Bottom line: Consoles win this category because it's more difficult to cheat on them.
DRM and piracy
Console - Because the console is more of a closed system than a PC, it's more difficult for people to pirate games. This design is good for gaming companies and consumers because extra DRM protection doesn't need to be running to help prevent piracy.
PC - Because anyone can write software to allow people to pirate programs, it's up to the game developers to create mechanisms to protect against piracy. Unfortunately, one of the best methods is with DRM techniques. However, many times this extra software causes problems for the people who have legitimately purchased the game.
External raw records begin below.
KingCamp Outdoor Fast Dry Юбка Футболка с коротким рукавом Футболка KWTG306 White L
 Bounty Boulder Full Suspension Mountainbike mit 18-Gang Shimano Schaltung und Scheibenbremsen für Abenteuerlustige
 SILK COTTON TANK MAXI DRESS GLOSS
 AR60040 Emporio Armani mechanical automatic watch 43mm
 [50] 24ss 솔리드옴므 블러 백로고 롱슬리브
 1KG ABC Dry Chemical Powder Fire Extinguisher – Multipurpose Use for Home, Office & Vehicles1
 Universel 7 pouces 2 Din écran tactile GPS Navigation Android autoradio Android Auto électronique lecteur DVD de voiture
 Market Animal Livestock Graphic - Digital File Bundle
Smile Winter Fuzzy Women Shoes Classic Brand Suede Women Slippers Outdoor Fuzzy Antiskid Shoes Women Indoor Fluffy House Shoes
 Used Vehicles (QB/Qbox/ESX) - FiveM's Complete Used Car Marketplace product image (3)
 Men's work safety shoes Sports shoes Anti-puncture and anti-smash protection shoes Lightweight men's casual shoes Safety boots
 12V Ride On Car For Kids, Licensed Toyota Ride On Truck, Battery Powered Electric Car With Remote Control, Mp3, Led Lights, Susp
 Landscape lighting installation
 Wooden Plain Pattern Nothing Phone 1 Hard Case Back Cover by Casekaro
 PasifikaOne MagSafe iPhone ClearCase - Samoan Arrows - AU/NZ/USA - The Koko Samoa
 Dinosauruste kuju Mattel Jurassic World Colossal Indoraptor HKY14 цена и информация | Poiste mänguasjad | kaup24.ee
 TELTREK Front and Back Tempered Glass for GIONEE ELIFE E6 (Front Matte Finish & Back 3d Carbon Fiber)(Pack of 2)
Bottom line: Console wins this category because DRM is not as intrusive as it is on the PC.
Console - When buying a game for a console, you only need to know what console you have. For example, are you using a PlayStation 3, PlayStation 4, Xbox 360, or Xbox One? As long as you buy the game for the correct console, you don't have to worry about the game not working.
PC - When buying a game for a PC, you need to make sure your computer meets the system requirements. With a newer gaming computer, this isn't much of a factor. However, for computers that are a few years old, you need to make sure your computer has the necessary hardware requirements. Otherwise, the game won't work or may perform poorly.
Bottom line: Console wins this category.
Legacy and backward compatibility
Console - When a new console is released, it may not run older games because of the way the new ones are programmed. Some popular titles may be redesigned to allow them to work on the new console, but require you to purchase the redesigned version.
PC - Unlike a console, Microsoft tries to keep Windows as backward compatible as possible. However, some advancements cause older software to no longer work. With PC, software emulators, patches, and community mods allow most older games to work with newer computers.
Bottom line: PC wins this category. Although it can take some work, most older games can be played on new computers, but consoles are usually generation-specific.